• _What you are asked to do_:
Transcribe the following entries word for word. End with the line where "Retro Mikrofon mit" appears.

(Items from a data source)
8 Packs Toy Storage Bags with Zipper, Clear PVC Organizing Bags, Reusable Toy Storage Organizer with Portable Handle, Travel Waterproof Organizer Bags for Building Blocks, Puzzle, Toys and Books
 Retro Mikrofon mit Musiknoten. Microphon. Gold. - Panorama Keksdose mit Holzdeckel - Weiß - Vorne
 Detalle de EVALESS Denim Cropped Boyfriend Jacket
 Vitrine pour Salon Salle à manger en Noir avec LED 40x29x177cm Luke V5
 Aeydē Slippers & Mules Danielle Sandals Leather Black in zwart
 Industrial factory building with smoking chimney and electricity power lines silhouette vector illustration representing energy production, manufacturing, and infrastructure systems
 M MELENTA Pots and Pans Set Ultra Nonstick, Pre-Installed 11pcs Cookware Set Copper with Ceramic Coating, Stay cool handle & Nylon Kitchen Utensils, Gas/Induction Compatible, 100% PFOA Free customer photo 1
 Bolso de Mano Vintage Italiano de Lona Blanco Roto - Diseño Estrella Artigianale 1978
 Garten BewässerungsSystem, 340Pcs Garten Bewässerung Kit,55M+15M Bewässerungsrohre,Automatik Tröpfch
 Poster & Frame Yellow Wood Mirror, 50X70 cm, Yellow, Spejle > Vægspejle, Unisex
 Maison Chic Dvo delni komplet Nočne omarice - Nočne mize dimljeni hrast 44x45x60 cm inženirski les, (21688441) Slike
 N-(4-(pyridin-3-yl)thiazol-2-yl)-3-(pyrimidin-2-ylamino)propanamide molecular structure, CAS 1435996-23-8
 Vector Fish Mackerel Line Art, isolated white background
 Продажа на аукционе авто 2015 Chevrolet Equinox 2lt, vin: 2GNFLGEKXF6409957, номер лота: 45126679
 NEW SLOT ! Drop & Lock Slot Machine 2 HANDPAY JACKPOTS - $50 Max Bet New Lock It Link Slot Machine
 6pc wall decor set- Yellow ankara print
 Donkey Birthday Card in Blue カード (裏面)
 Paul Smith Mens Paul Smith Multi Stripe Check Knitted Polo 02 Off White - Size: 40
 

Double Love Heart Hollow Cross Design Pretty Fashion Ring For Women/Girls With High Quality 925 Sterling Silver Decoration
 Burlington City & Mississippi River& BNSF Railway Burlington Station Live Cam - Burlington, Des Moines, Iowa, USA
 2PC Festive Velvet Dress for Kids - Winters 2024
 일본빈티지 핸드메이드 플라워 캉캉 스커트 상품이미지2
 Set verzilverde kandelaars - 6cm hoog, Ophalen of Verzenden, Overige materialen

• _Response to this task_:
8 Packs Toy Storage Bags with Zipper, Clear PVC Organizing Bags, Reusable Toy Storage Organizer with Portable Handle, Travel Waterproof Organizer Bags for Building Blocks, Puzzle, Toys and Books
 Retro Mikrofon mit Musiknoten. Microphon. Gold. - Panorama Keksdose mit Holzdeckel - Weiß - Vorne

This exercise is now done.